Manuel Antonio
The day before we leave Tamarindo for Manuel Antonio, we go out on a Catamaran cruise to a cove. It's an awkward group of people - few kids, a bachelor party heavy on the tequila and pineapple juice that traders seem to obsessed with consuming. The sunset is magnificent and when come back into the harbour, the world seems to have smoothed off some of the edges.
I finish packing and do the first of four walk throughs that will NOT be as thorough as I would have hoped. We end up leaving behind a motley array of items, which a dear friend will spend hours helping me retrieve over the final 10 days in country.
Perhaps the most challenging part of the trip will will take place here: managing the kids' realities of their own exhaustiona and teaching them to be bored. There is wifi but it isn't robust. The ocean is exquisite but they prefer the pool. I walk in the mornings before the world stirs, finding magic and stillness. We venture out to a few excursions, winding our way through mangroves, capuchin monkeys taunting us with their wizened paws.
A friend from Prague days puts me in touch a friend from Seattle. And it's the best gift of 2023, this introduction. My daughter and the granddaughter form a bond and I gain a new friend, one who calls me on my BS, who shares my world view in the sense that most people are decent and kind, doing the best they can within the framework they are given.
It is cathartic, this time I spend in Manuel Antonio, in a way I had been unconsciously avoiding. It forces me out of what I can now recognize as being a type of Limerence - an hybrid limerence of geographical, romantic, and childhood. It begins to feel as though I am in a shoe that no longer fits but that I have spent so long in that I need help extricating myself.

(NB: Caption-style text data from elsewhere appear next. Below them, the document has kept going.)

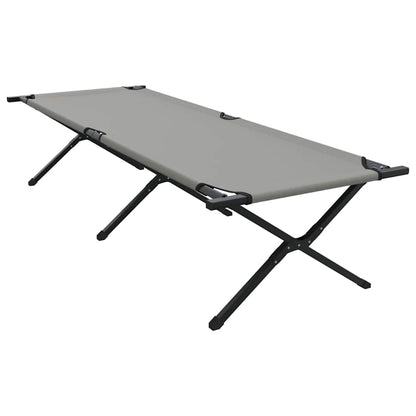 vidaXL Folding Camping Bed 2 pcs Grey 210 x 80 x 46 cm Oxford fabric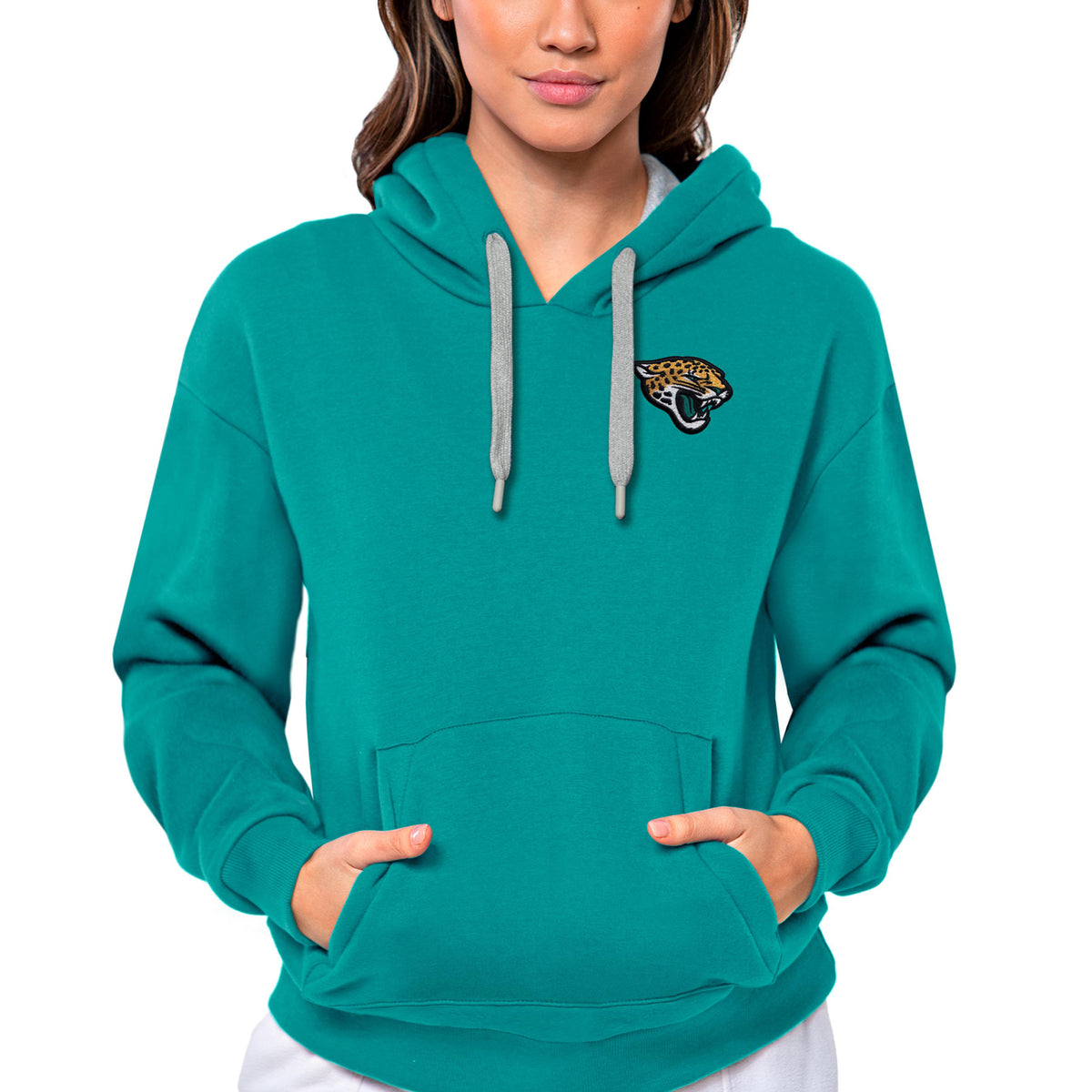 Women's Antigua Teal Jacksonville Jaguars Victory Pullover Hoodie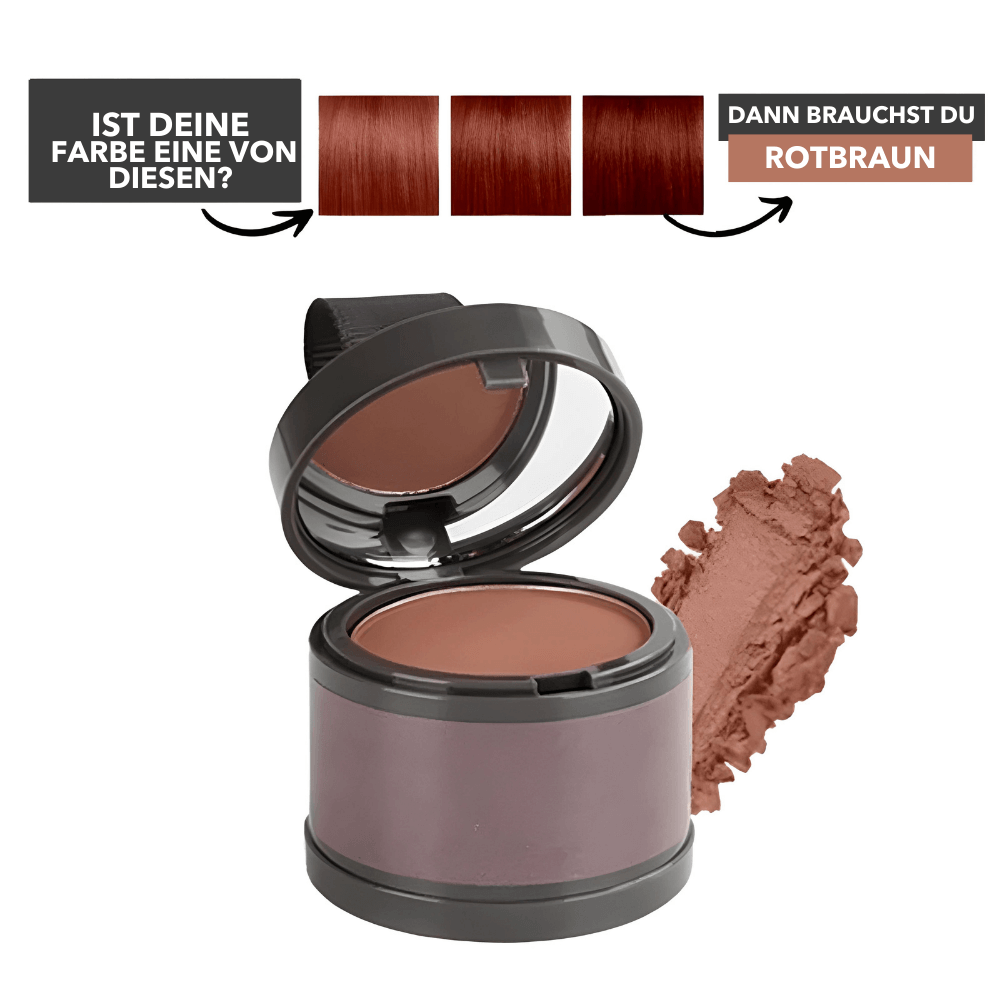 Temporäres Farbpuder für rotbraunes Haar, das sich nahtlos einfügt und den Look auffrischt.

'Help' comes in many forms. There are people who will provide sounding boards, people who will provide counsel, and that always unwelcome langiappe know as 'free advice.' There is the not-a-fling that has pre-occupied a portion of my attention, that sends a jolt of familiarity through me and will find me curled into the fetal position, sleeping with T-Rex arms wrapped around one another. There are song lyrics I pay too much attention to, the causal way I say 'Of course I am a romantic. I fall in love everyday, fully aware my heart might break.'
There are waves that crash against rocks and my legs. Birdsong mixing with monkey cackles that make the hair on my neck rise. A hummingbird will fly into a metal rafter, breaking it's neck, falling not far from of me. Raccoons will scamper through the hotel floors, their chittering echoing leaving chaos in their wake.
This week allows the three of us to slow down before returning to San Jose. It allows us to stop and enjoy being together and separate in the same space. It shows our strengths and cracks and makes way for what ever comes next, in a way that I cannot possibly have expected but that feels like I already knew. Déjá rêvè, I discover, later trying to remember another sense of a sense.
And as always, as it always is, what comes next is more.